Safe Haven Currencies are an imperative, yet complicated, business. Rising in value and price in the face of Geopolitical and general uncertainty and risk, their trend often defies not only other asset trends but also logic. In this article, we analyse known havens and the possible causes for their existence.
The US Dollar is not a safehaven. That may come as a surprise because one could make a strong argument for its stability as the most liquid and heavily traded currency in the world. This characteristic, in fact, is confusingly why it is not a safehaven. The liquidity and stability of the US Dollar in good times is one of the reasons why it is the world’s major conduit for business. Companies and corporations over the world flock to the consistent purchasing power of the Dollar, supported by an immense population underneath it.
This corporate and financial exposure of the US Dollar is why it is not a safehaven. When times are bad, i.e. when global geopolitical risk is mounting and looking unsustainable, it is these institutions that investors and stakeholders wish to minimise their exposure to. Therefore, there is a de facto exodus from the dollar, flooding market supply which, when met by low demand, allows the price of the Dollar to fall.
Despite lacking the status of a safehaven, the US Dollar is unequivocally stable and, unsurprisingly, a popular currency amongst the expatriate community. With the Dollar consolidating considerable value over the past few weeks, many analysts see little reason for this trend to reverse into 2018.
The election is dominating the political economy of Japan at the moment. Before this weekend’s event, most immediate fluctuations in the value of the Japanese Yen are likely, although not certain, to be derived from the leadership contest. However, with crises of industry affecting wider Japanese markets, the supremacy of the election to the Yen cannot be guaranteed.
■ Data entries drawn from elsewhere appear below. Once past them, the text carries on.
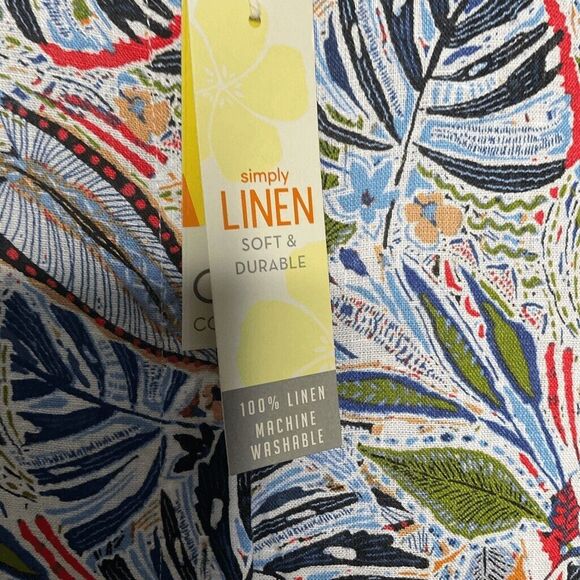 NWT C&C California 100% Linen Short Sleeve Button Up Shirt Women Size S Blue - Picture 4 of 10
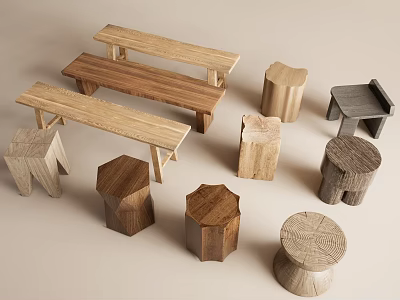 New Chinese Style Wooden Stakes Wooden Stool Round Stool Bench 3d model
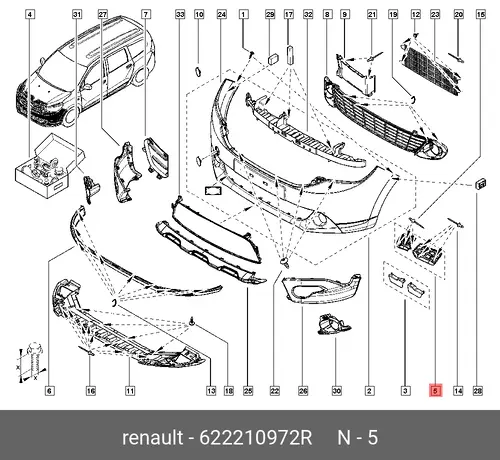  Крепление бампера 622210972R RENAULT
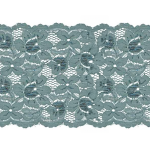 Elastische Spitze Blumen 150mm grau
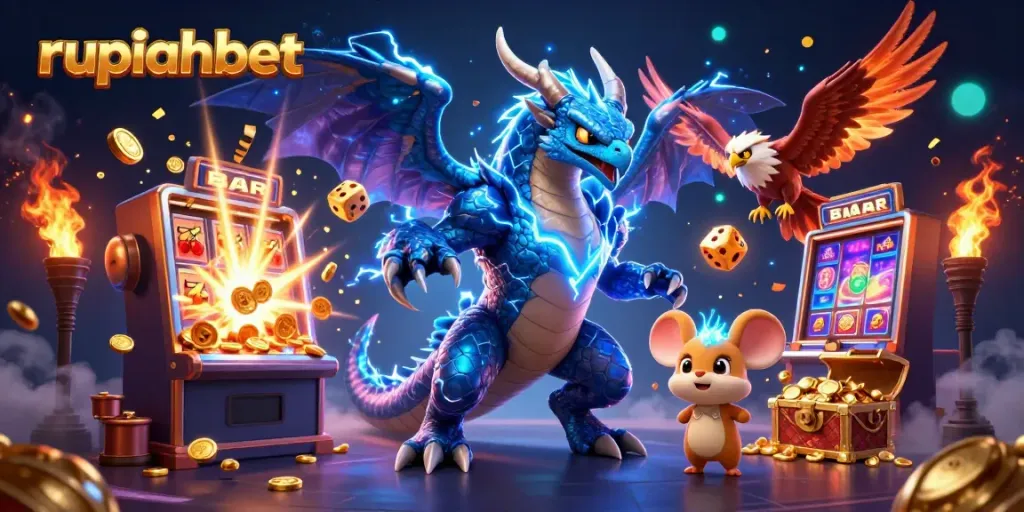 Experience thrilling gameplay with rupiahbet's dynamic casino scene featuring slot machines and vibrant characters.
Critically, also, the Yen is a fully fledged safehaven currency. Therefore, whilst the domestic environment will be reflected in the value of the Yen, the global geopolitical atmosphere has the propensity to make the Japanese currency highly volatile. As a central safehaven asset, alongside the Swiss Franc and Gold, its price is proven to vary inversely with other non-safehaven currencies.
Therefore, whilst the value of the Yen may, at times, be uncertain, it can usually be considered overpriced in globally bad times and under- or fairly priced during good times. The rising tension within the Koran Peninsula creates an interesting new dynamic within Japan and the Yen. Whilst the value of the Yen should rise during times of geopolitical uncertainty and insecurity, its geographical proximity to the epicentre of the troubles makes its relevance as a safehaven against North Korea questionable.
For almost 100 years, the Swiss Franc has acted as a safehaven currency. A politically and socially stable country, Switzerland is also a quintessentially neutral player on the international stage. Known for its strong and entrenched financial system, confidential banking and low inflation rates, it is considered by many to be one of the most stable currencies in the world. Although these are some of the most likely reasons why the Swiss Franc is a safehaven currency, the nature of a safehaven currency means one cannot know for certain.
What we do know is that investors flock to the Swiss Franc when geopolitical or natural challenges arise. Bucking the trend, when all other currencies seem to be shedding value, the Swiss Franc appreciates. The Swiss Franc is essentially a disaster fund, so whilst you may not protect yourself against inflation and loss in good times, you can be confident that the Franc will stay strong.